All 13 of the Internet's root Domain Name System servers—three of which are located outside the U.S.—were victims of a massive distributed denial-of-service attack on Oct. 21.
"It was the single most elaborate and focused attack on the DNS network that we have ever seen," said Tom Ohlsson, vice president of Matrix NetSystems Inc., an Austin, Texas-based Internet performance monitoring company.
The attack appears to have been an attempt to disrupt the Internet by clogging root DNS servers with useless traffic. The root DNS servers provide the vital translation services needed for converting a Web name such as www.computerworld.com into a corresponding numerical IP address.
But overall Internet service appears to have been largely unscathed, with few major disruptions reported, Ohlsson noted.
That's because most of the information contained in the 13 root DNS servers is cached in redundant and hierarchical fashion across multiple secondary DNS servers.
"On the plus side, this shows that despite all those apocalyptic projections, the Internet is more resilient than people think," said John Pescatore, an analyst at Gartner Inc. in Stamford, Conn. "But it also shows that the basic plumbing of the Internet still has vulnerabilities that need to be addressed or brought up to business-quality levels."
The relatively simply nature of last week's DDOS attack is what made it easy for administrators to detect and choke off the offending traffic in a few hours, analysts said.
But service would have started degrading if the attack had been sustained long enough for the information contained in the secondary DNS caches to start expiring—a process that usually takes from a few hours to about two days, analysts added.
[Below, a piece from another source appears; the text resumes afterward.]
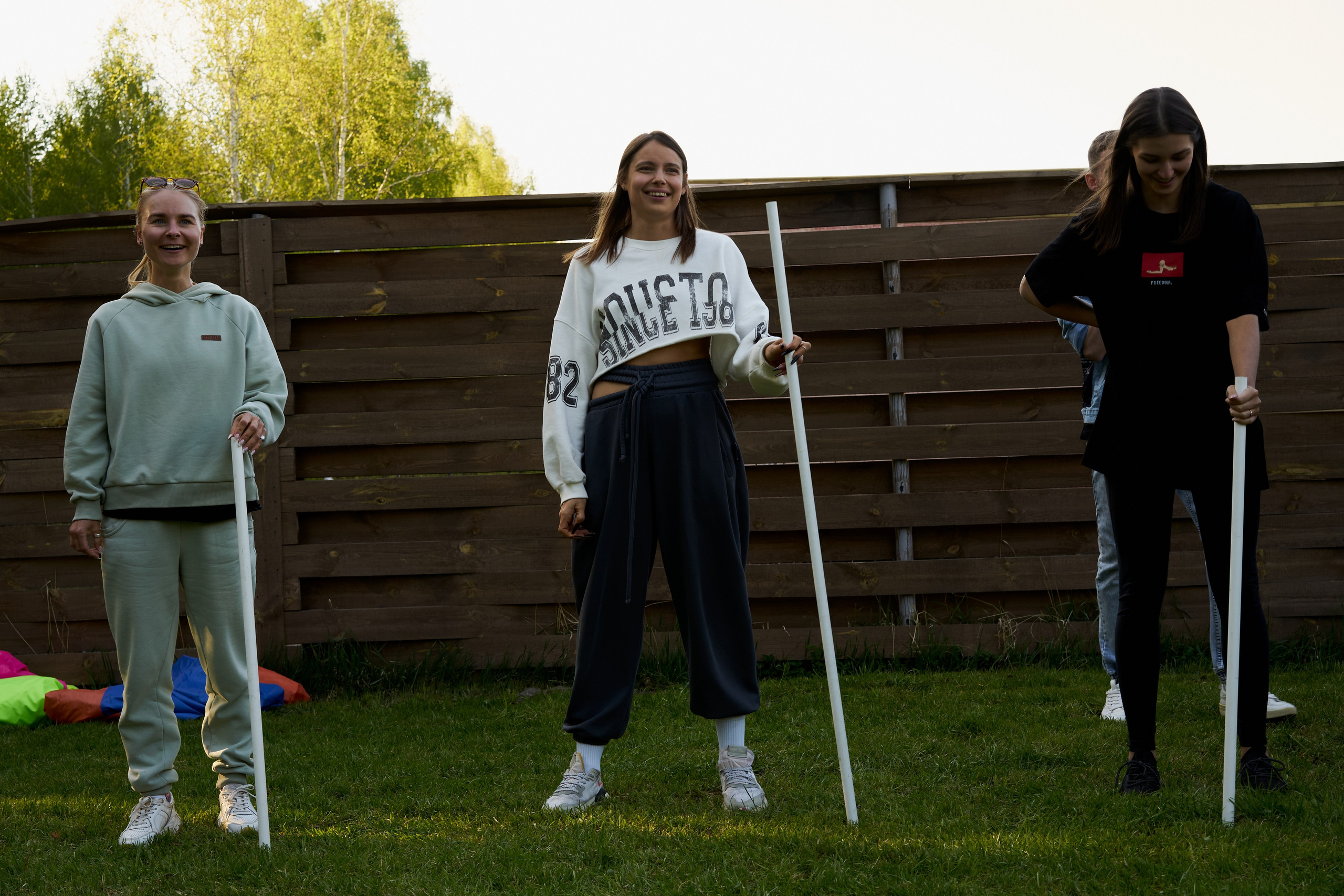 Репортажная съемка корпоратива «Skypole». Фотограф Екатеринбург Кокшарова Александра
"This wasn't exactly the most sophisticated attack in the world," said Jerry Brady, chief technology officer at Guardent Inc., a security consultancy in Waltham, Mass. "But I've got to believe that this is going to inspire a lot more attacks like this in future."
In a DDOS attack, hackers typically break into and take over thousands of poorly protected networked computers—including those in homes—and use such "zombies" to send torrents of useless data at target servers or networks.
"It is the electronic equivalent of somehow getting 50,000 phones to dial 911 at the same time," said Mark D. Rasch, former head of the U.S. Department of Justice's computer crimes unit and currently senior vice president and chief security counsel at Solutionary Inc.
The Internet Corporation for Assigned Names and Numbers (ICANN), the private group that's charged with ensuring the stability and security of the DNS, will discuss methods for improving DNS security at its annual meeting next week in Shanghai.
Among the fixes ICANN will be looking at is deploying the DNS Security protocol to improve data origin authentication, said Stephen Crocker, an Internet pioneer and computer scientist who heads the ICANN security committee.
The more daunting problem is improving the security of PCs sold without any security protections. "It's a public nuisance issue," Crocker said.
And DNS servers aren't the only component of core Internet infrastructure that can be taken down by such attacks, analysts say. For instance, an attack directed against a few well-selected Border Gateway Protocol routers—which are used to exchange routing information for the Internet—could cause large portions of traffic to be misdirected at will, said Ted Julian, president of Arbor Networks Inc., a Lexington, Mass.-based vendor of DDOS prevention tools.
Last week's attacks "represent an important escalation of these kinds of threats," Julian said. "DDOS is no longer being targeted at single Web sites, but at the entire Internet infrastructure."